My article, Muslim Headscarves on Western Streets, takes issue with the Islamic headscarf, what it actually means, what it represents and precisely why it is being worn. In my article I provide back-up research and the following two paragraphs are crucial:

If I've said it once, I've said it a thousand times to anyone who will listen: that headscarf is NOT a religious requirement but a political statement and symbol of radical Islamic Fundamentalism. Egyptian student radicals dreamed up this headscarf in the 1970s as a covert political signal of Fundamentalist approval by female students for their male counterparts. This is according to Fadwa El Guindi, who is Adjunct Full Professor of Anthropology at the University of Southern California.

In her article "Veiling Resistance", which appeared in the March 1999 edition of Fashion Theory: The Journal of Dress, Body & Culture, Professor El Guindi said, "Women's Islamic dress, known as al-ziyy al-Islami, is an innovative construction that was first worn in the mid-1970s by activists. It does not represent a return to any traditional dress form and has no tangible precedent.
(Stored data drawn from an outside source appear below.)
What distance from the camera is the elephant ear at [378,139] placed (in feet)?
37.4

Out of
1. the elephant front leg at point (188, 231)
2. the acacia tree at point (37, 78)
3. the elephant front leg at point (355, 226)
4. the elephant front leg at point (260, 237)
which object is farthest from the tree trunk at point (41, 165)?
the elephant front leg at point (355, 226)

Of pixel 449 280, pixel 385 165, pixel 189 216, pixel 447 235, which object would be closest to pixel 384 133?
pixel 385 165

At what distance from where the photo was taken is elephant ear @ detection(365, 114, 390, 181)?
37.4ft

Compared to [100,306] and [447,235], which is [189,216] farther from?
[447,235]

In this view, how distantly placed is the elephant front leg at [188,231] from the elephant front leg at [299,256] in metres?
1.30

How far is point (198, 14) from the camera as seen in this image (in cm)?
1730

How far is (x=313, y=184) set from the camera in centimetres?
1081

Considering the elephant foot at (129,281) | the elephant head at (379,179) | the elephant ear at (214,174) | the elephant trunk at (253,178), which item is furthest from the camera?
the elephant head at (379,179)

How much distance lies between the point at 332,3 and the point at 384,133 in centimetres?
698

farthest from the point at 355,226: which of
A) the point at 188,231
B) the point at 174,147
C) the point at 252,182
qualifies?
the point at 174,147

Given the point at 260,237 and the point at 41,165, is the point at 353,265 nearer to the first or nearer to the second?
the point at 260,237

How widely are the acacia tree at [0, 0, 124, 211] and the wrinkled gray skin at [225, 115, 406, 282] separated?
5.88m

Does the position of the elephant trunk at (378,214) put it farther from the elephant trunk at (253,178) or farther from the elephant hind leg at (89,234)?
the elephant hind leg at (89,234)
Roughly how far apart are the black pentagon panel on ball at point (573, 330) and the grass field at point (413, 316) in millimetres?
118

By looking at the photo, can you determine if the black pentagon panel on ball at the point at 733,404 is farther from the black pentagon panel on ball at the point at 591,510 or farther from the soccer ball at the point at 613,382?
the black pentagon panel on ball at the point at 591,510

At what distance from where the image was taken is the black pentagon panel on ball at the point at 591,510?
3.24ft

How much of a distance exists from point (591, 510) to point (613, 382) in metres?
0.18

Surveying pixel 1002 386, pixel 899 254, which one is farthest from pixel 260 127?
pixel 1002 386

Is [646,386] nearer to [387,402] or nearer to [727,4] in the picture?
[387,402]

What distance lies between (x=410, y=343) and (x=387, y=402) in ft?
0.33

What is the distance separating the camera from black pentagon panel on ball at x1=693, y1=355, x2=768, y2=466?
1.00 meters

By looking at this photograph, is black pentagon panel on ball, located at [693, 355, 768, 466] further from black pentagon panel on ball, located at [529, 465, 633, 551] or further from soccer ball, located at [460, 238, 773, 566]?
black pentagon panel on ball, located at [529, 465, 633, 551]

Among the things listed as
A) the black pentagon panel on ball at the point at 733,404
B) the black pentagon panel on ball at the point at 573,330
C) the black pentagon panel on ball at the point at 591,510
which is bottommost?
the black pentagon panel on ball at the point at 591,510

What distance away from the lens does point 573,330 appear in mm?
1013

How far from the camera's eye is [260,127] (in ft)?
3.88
There was no industry behind it-not one store in Egypt carried such an outfit. Based on an idealized Islamic vision gradually constructed for the Islamic community in the seventh century, it was made in the homes by the activists themselves."
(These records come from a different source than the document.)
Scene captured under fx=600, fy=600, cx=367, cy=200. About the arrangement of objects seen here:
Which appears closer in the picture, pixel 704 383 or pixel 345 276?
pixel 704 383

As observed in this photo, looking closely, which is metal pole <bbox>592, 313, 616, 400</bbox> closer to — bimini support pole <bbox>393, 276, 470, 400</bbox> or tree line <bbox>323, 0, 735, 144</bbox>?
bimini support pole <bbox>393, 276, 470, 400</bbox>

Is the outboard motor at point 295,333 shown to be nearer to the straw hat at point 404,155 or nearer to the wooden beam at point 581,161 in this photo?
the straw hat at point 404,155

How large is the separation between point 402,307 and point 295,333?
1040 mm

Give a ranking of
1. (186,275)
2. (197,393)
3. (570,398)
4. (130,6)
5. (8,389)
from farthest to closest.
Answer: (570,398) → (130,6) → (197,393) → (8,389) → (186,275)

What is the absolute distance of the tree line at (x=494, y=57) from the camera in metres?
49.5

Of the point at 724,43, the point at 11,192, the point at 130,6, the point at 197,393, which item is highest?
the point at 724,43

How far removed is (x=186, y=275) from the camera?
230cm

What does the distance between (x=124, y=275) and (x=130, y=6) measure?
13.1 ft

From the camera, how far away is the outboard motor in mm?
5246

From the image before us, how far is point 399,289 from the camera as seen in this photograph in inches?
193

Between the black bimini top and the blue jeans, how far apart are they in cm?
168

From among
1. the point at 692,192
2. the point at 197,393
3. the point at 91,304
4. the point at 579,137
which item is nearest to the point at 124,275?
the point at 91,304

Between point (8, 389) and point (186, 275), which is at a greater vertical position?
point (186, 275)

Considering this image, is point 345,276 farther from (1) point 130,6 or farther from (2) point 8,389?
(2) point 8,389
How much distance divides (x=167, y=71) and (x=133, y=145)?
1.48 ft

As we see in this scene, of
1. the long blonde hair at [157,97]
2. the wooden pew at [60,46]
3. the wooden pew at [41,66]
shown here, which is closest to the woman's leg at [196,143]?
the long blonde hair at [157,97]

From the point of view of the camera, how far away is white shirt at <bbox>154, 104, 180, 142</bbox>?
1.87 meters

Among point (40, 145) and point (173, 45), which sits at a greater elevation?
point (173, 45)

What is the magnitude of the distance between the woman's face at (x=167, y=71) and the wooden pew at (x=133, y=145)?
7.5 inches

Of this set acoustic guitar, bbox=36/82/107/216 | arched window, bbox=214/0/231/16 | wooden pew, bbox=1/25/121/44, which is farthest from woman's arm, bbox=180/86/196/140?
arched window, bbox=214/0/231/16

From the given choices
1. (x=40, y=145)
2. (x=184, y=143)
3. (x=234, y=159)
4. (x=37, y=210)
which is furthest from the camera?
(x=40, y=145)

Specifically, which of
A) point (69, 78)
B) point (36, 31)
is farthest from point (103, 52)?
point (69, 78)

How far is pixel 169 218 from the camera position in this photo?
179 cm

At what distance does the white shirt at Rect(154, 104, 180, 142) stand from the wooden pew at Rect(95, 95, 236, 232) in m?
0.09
Professor Fadwa El Guindi also has a book that might be of help in formulating your case. Her book is entitled, "Veil: Modesty, Privacy & Resistance" and is available through Amazon.com.

France, Turkey and Egypt all recognize the danger inherent in allowing this form of dressing and America must understand and recognize it too. Please forward this article's archived link (http://www.americandaily.com/article/3843) to the appropriate Essex County lawyers, who are handling this case. The US Department of Justice is clearly in the wrong and the Obama Administration has no business furthering Islamic political and cultural jihad here in the United States.

If you have any questions or if I can be of any further help, please call me at (xxx) xxx-xxxx.